══ Supplied material

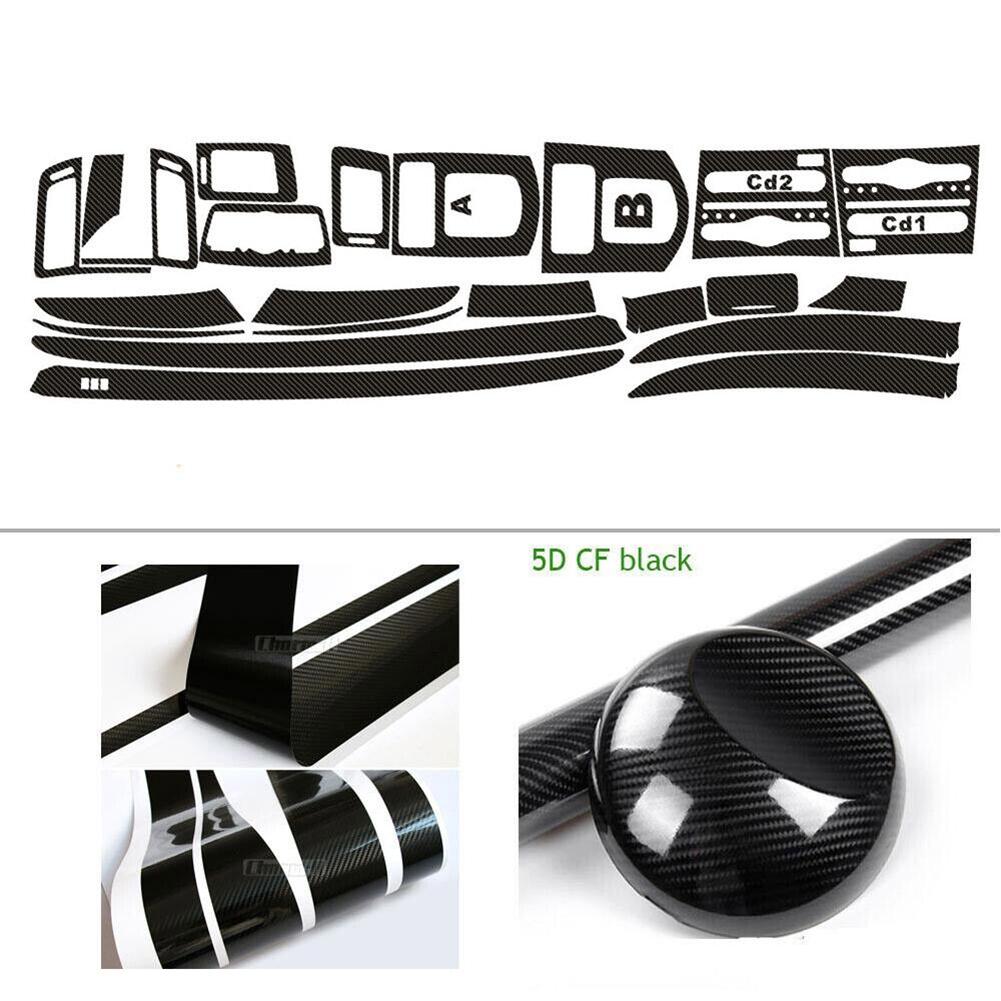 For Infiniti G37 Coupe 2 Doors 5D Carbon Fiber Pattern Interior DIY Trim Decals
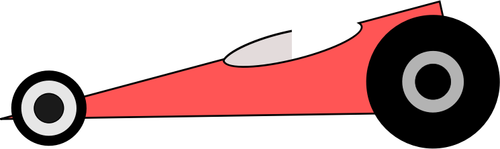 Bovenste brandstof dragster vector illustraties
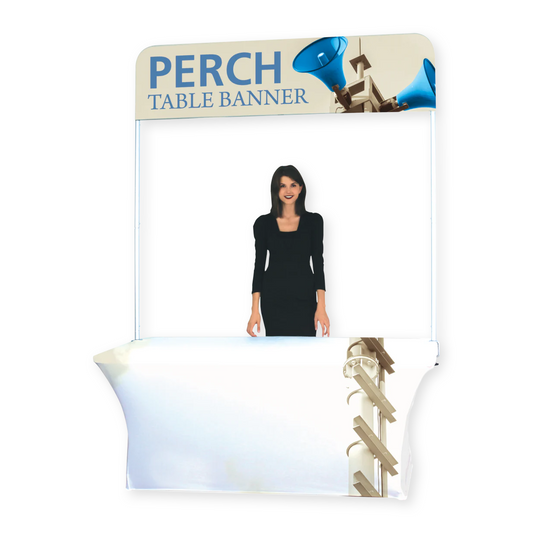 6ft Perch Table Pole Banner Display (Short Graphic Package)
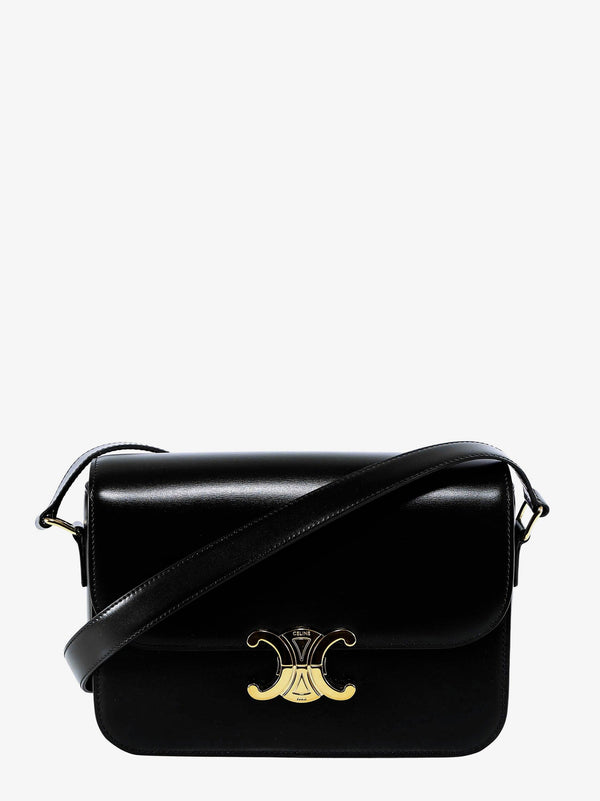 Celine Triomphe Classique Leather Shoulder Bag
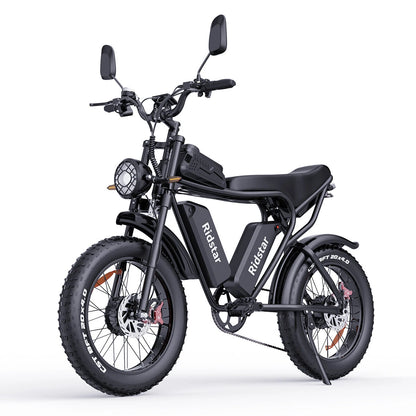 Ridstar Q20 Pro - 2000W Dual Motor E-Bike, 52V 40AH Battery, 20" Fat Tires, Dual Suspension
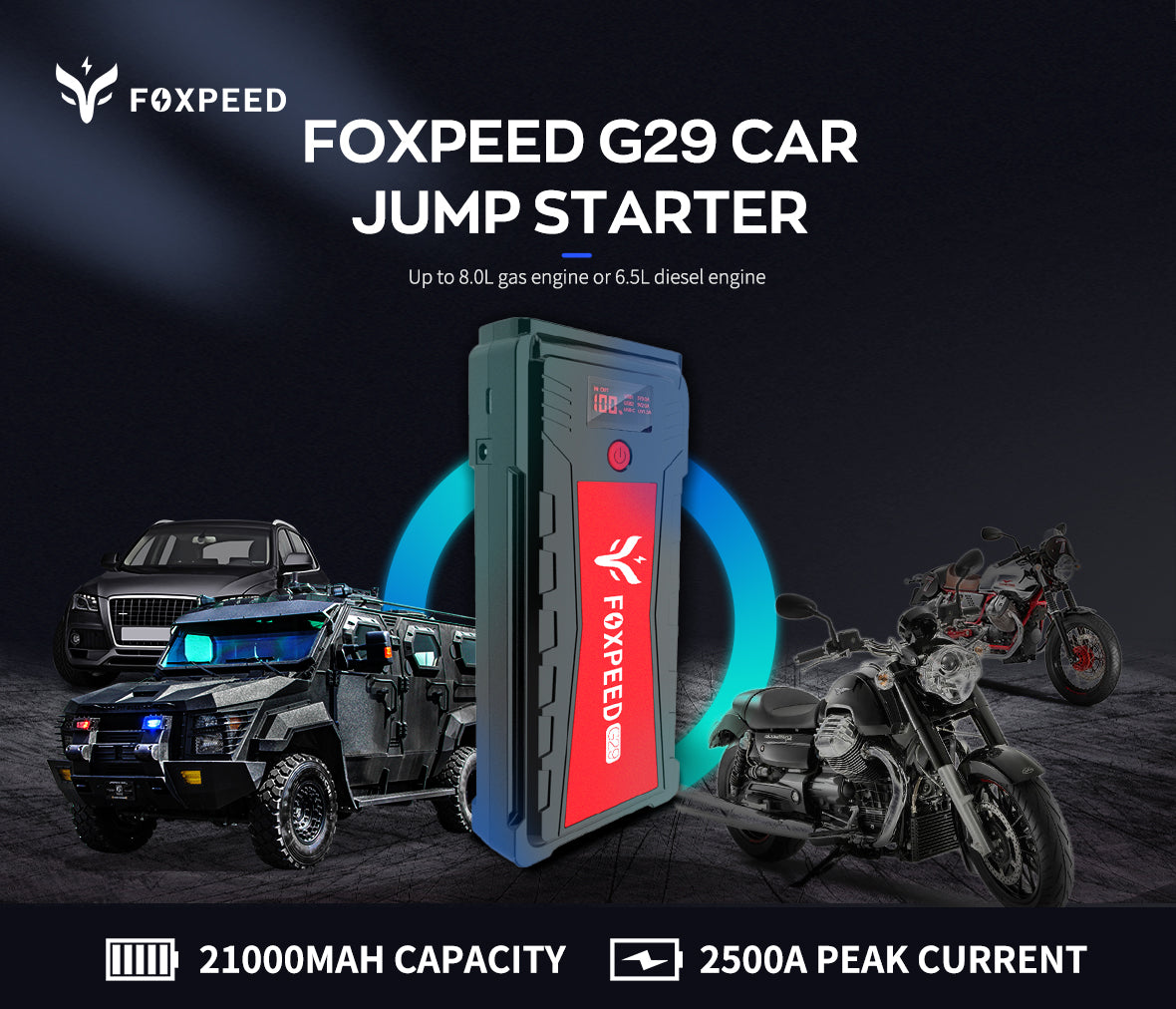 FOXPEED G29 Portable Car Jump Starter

════

**What is being asked**.
Only the lines from the one with "Bovenste brandstof dragster" through the final line of the entries belong in the answer, set down exactly, with both ends included and no pictures.

**Result for this exercise**.
 Bovenste brandstof dragster vector illustraties
 6ft Perch Table Pole Banner Display (Short Graphic Package)
 Celine Triomphe Classique Leather Shoulder Bag
 Ridstar Q20 Pro - 2000W Dual Motor E-Bike, 52V 40AH Battery, 20" Fat Tires, Dual Suspension
 FOXPEED G29 Portable Car Jump Starter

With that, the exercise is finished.